** Study material **
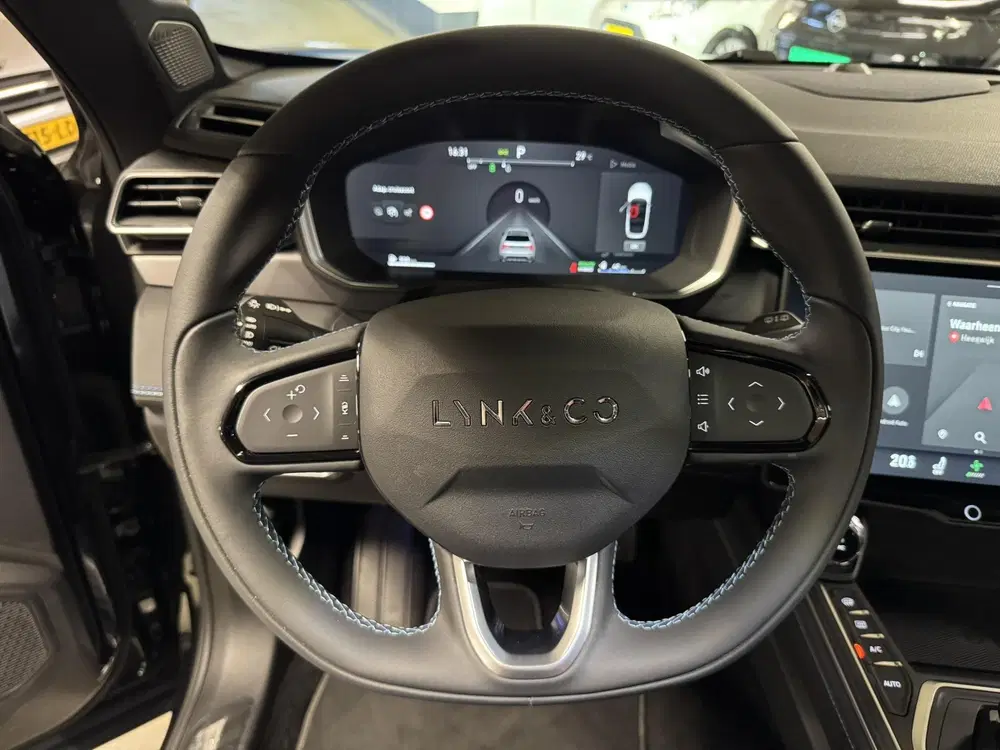 Lynk & Co 01 1.5 uit 2023, foto 10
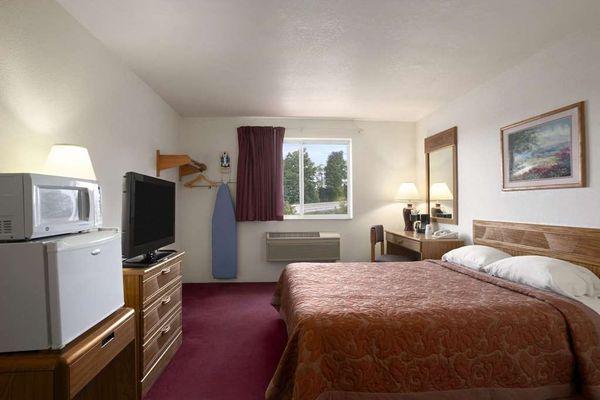 Super 8 by Wyndham Johnstown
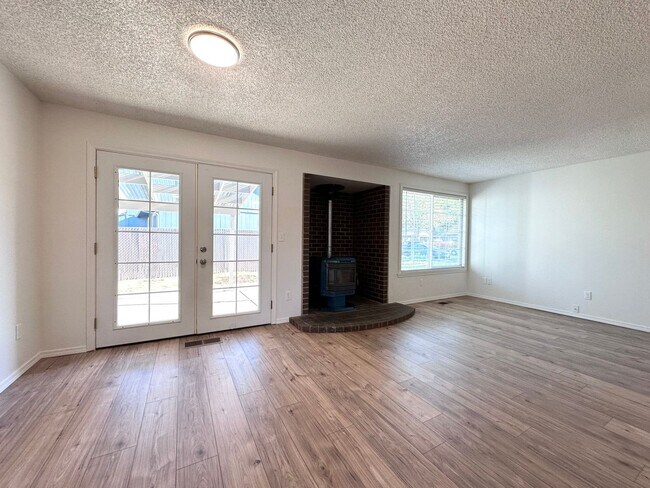 Building Photo - Newly Renovated Single-Family Home in Gresham! 3 Bed/1 Bath w/ Double Car Garage!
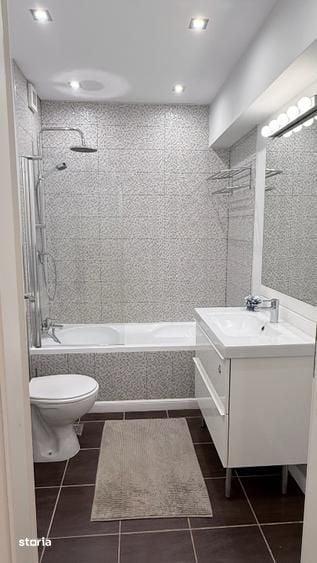 Apartament cu 3 camere în Tei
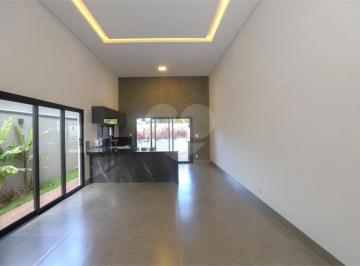 Casa · 207m² · 3 Quartos · 4 Vagas · Condomínio com 3 quartos à venda em Residencial Alto Do Castelo - SP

** What you have to do **
Your reply should consist solely of the lines from the one containing "Apartament cu 3 camere în Tei" through the last line of the material, reproduced exactly and without pictures.

** Final answer **
 Apartament cu 3 camere în Tei
 Casa · 207m² · 3 Quartos · 4 Vagas · Condomínio com 3 quartos à venda em Residencial Alto Do Castelo - SP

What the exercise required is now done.